Statistical Inference for Everyone

edtechdev · on Nov 21, 2014

Here are some more interactive and effective ways to learn stats online. The Open Learning Initiative's open Probability & Statistics Course out of Carnegie Mellon might just be the most researched and carefully designed course out there. http://oli.cmu.edu/courses/free-open/statistics-course-detai... Students learn more statistics concepts in half the time as a traditional stats course. http://oli.cmu.edu/get-to-know-oli/see-our-proven-results/

The Statistics Online Computational Resource (SOCR) site is also amazing for actually learning and playing with common statistical tests and tools: http://www.socr.ucla.edu/

Collaborative Statistics is a free and interactive statistics textbook: https://www.kno.com/book/details/productId/txt9780983804905

You can also run Sage, R, Python, Octave (Matlab clone) and other tools right in the browser now: https://cloud.sagemath.com/

tlmr · on Nov 21, 2014

What do you think of the CMU course vs this text book in question?

capnrefsmmat · on Nov 21, 2014

The CMU course is very traditional. It covers basic exploratory data analysis (summary statistics, plotting data), basic probability, and hypothesis testing and estimation. There's no programming, nothing Bayesian, and only brief discussion of regression.

(I taught 36-201, the intro stats course that was used to build the OLI course, this summer.)

Statistical Inference, on the other hand, seems to take a Bayesian perspective and is very much not your standard intro stats class. It looks interesting and I'll have to skim through some of it.

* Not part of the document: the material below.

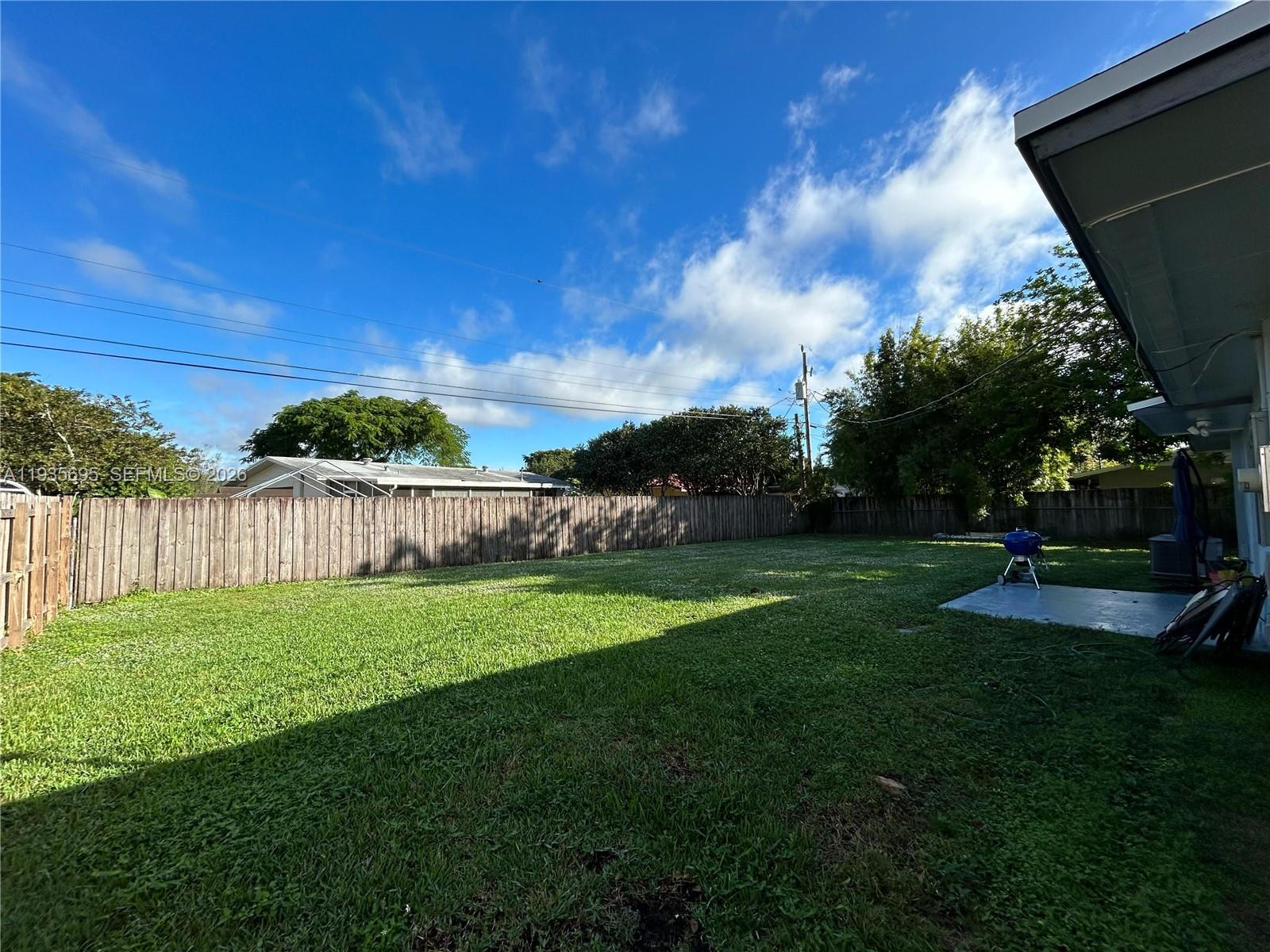 PLANTATION SUNRISE HEIGHT - Residential Lease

daniel-levin · on Nov 21, 2014

This book interesting because it forgoes the traditional approach of most mathematical statistics books. The preface states that it is done like this in order to avoid the "cookbook" approach taken by many statistics students. This is why it is ironic that "Bayes' Recipe" appears 15 times in this text, and on page 131 there is a five step algorithm for parameter estimation, and my favourite, oft-repeated, never explained recipe - "n > 30, you'll be fine". There is no mention of the CLT, MLE, method of moments estimation, biasedness of estimators, convergence in probability, how sampling distributions arise, or any of the theory of distributions that underpin all of the inferential procedures detailed in the book. I think that excluding these topics actually increases the cookbooky-ness of the text.

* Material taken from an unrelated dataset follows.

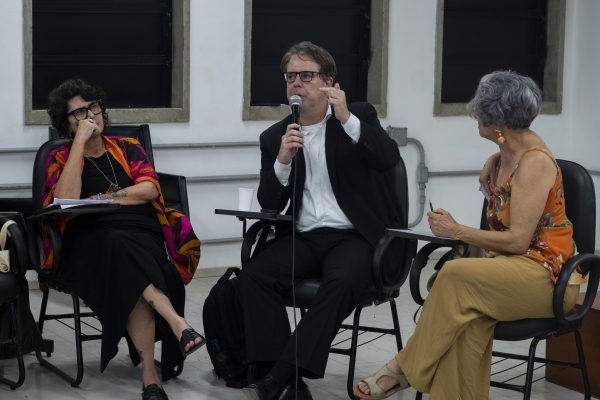 Marina Barbosa Pinto (esq), Rubens Casara e Eliane Arenas durante seminário realizado pela Aduff-SSind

It is important that students understand the provenance of the inferential techniques they use so that they don't land up doing bogus science (which hurts the world) by not knowing the failure modes of these techniques. Of course not all students of statistics know the requisite mathematics to understand it all, at the very least put the failure modes into a cookbook form.

For the sake of science please don't ever do any inferential statistics without knowing when the method you're using works and when it breaks, what it is robust to, and what assumptions it makes. Statistics is really easy to break when used naively. The mathematics of statistics is not easy, and often results are highly counter-intuitive.

bblais · on Nov 25, 2014

"There is no mention of the CLT, MLE, method of moments estimation, biasedness of estimators, convergence in probability, how sampling distributions arise, or any of the theory of distributions that underpin all of the inferential procedures detailed in the book."

Lot's of good criticisms in this thread, which I'll have to look at. This one, however, is not. :) how many intro stats book, of the traditional kind, mention MLE, method of moments, biased vs unbiased estimators, etc...? None that I've seen. So, you're right, it becomes more "cookbooky" as a result, however, I would argue that all Bayes analysis follows the same recipe, whereas frequentist analysis typically follows many recipes - not obviously connected. It is that part that I criticize, not the fact that there is a recipe for doing things.

daniel-levin · on Nov 27, 2014

>> how many intro stats book, of the traditional kind, mention MLE, method of moments, biased vs unbiased estimators, etc...? None that I've seen

Oh - there are quite a few. Here's a small sample (no pun intended):

- Probability and Statistical Inference by Hogg & Tanis (we used this in my stats course)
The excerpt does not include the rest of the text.